> INSTRUCTIONS TO FOLLOW
Exclude the pictures, and otherwise reproduce the data in full.

> PROVIDED MATERIAL
'''

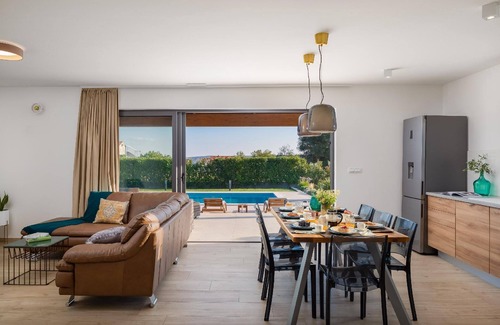 Rudine House | Holiday house Kaštel Novi for 1 - 8 persons with 4 bedrooms - Holiday house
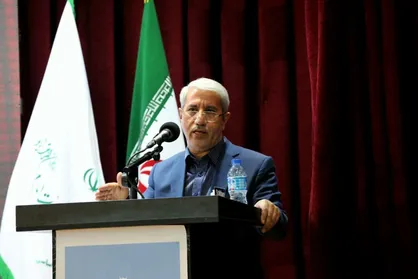 ۱۰۰۰ بسته لوازم خانگی ایرانی توسط ستاد اجرایی فرمان امام (ره) به سیل&zwnj;زدگان مازندرانی اهدا شد
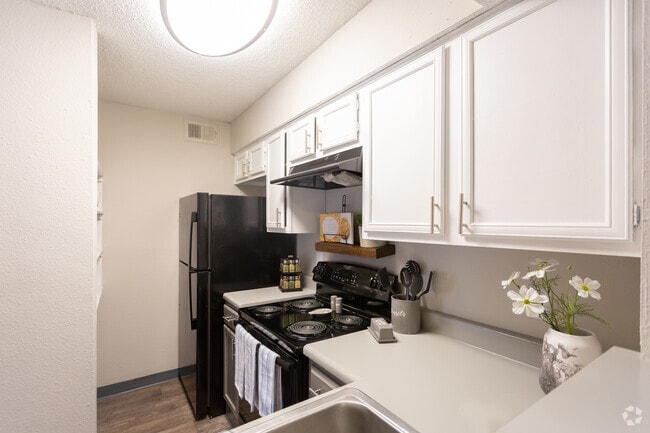 1HAB 1BA - 630 ft² - ReNew Fairmont Park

'''

> TASK ANSWER
 Rudine House | Holiday house Kaštel Novi for 1 - 8 persons with 4 bedrooms - Holiday house
 ۱۰۰۰ بسته لوازم خانگی ایرانی توسط ستاد اجرایی فرمان امام (ره) به سیل&zwnj;زدگان مازندرانی اهدا شد
 1HAB 1BA - 630 ft² - ReNew Fairmont Park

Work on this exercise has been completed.